Ketiga : Hadist Jundub bin Sufyan radhiyallahu ‘anhu bahwa Rasulullah shallallahu ‘alaihi wa sallam bersabda :
مَنْ كَانَ ذَبَحَ مِنْكُمْ قَبْلَ الصَّلاَةِ فَلْيُعِدْ مَكَانَ ذَبِيحَتِهِ أُخْرَى ، وَمَنْ لَمْ يَكُنْ ذَبَحَ فَلْيَذْبَحْ بِاسْمِ اللَّهِ
“ Barang siapa diantara kalian yang telah menyembelih sebelum sholat ( Idul Adha ), maka hendaknya dia menggantinya dengan sembelihan lain. Dan barang siapa yang belum menyembelih, hendaknya dia menyembelih dengan nama Allah. “ ( HR. al-Bukhari(5562) dan Muslim (1960))

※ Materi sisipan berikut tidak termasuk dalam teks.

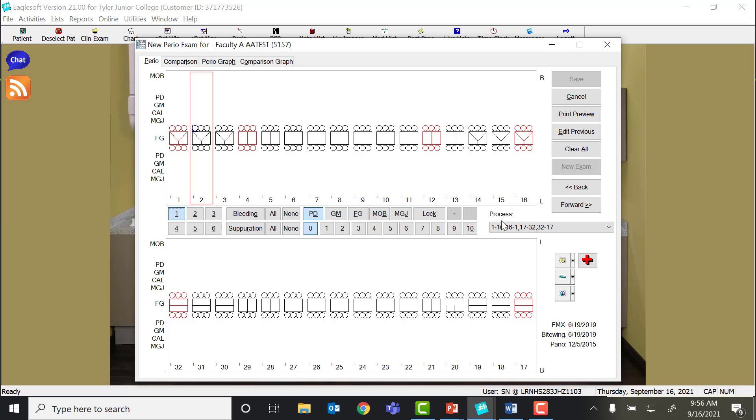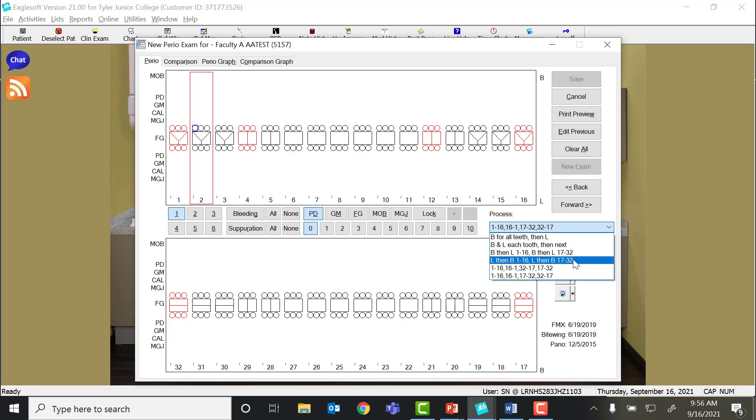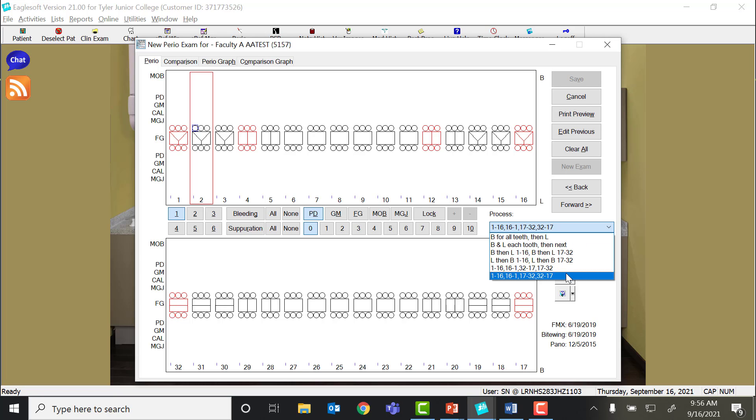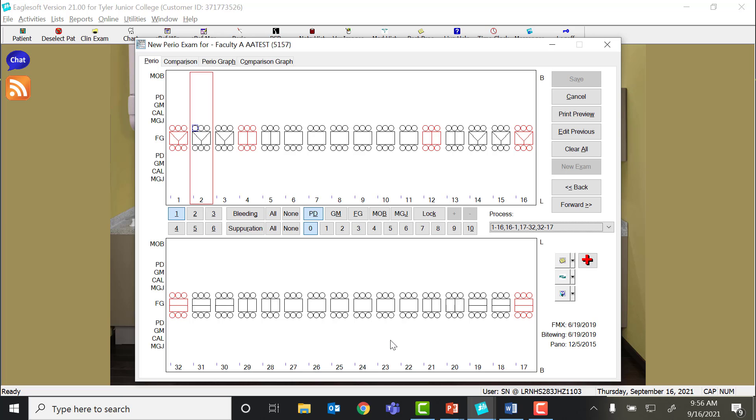Also notice the process here. This is the sequence in which you're going to probe. It does have a drop down menu that offers you a few more options, but this is the most common. We do not let you customize Eaglesoft to go in any other sequence other than what is already preselected.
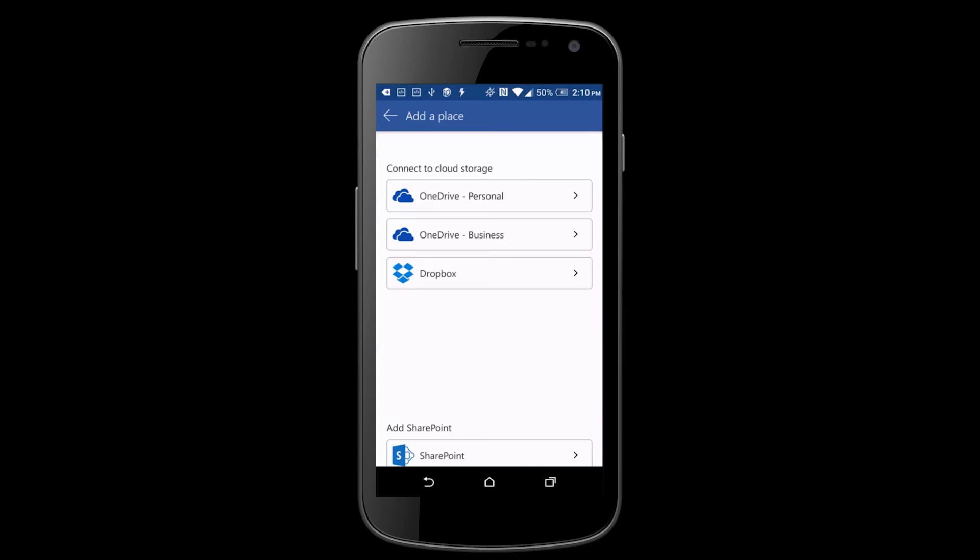If you have other Office apps installed on your Android or iOS device, your account and OneDrive files will automatically be added.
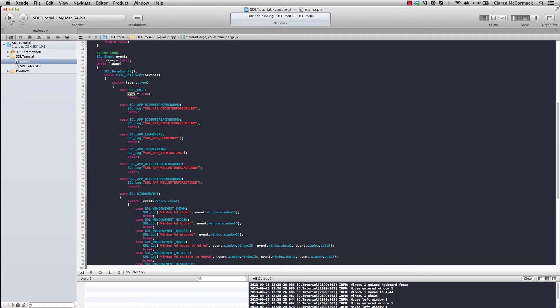The suggested fix for this was to use what SDL call an event watch. An event watch injects itself at an earlier stage in the event processing loop, and it seems to be a lot more performant. Since using an event watch, I haven't had any of those stalls in input processing.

Perintah untuk mengganti, menunjukkan kewajiban, karena sesuatu yang sunnah jika ditinggalkan, tidak perlu diganti.
Berkata Ibnu Taimiyah di dalam Majmu’ al-Fatawa ( 32/ 162-164 ) :
والأظهر وجوبها ( يعني الأضحية ) فإنها من أعظم شعائر الإسلام ، وهي النسك العام في جميع الأمصار ، والنسك مقرون بالصلاة ، وهي من ملة إبراهيم الذي أمرنا باتباع ملته ، وقد جاءت الأحاديث بالأمر بها
“Pendapat yang lebih tepat bahwa ber-qurban hukumnya wajib, karena qurban merupakan salah satu syiar Islam yang paling agung. Qurban adalah ibadah tahunan yang berlaku di semua daerah, ibadah ini selalu disertai dengan sholat, dan merupakan ajaran nabi Ibrahim yang kita diperintahkan untuk mengikutinya, dan banyak hadist-hadist yang memerintahkan untuk mengamalkannya. “
Berkata Syekh al-Utsaimin di dalam asy-Syarh al-Mumti’ ( 7/519 ) :
“Pendapat yang mengatakan bahwa ber-qurban hukum wajib bagi yang mampu adalah pendapat yang kuat, karena banyaknya dalil-dalil yang menunjukkan perhatian syariat terhadap ibadah qurban tersebut.”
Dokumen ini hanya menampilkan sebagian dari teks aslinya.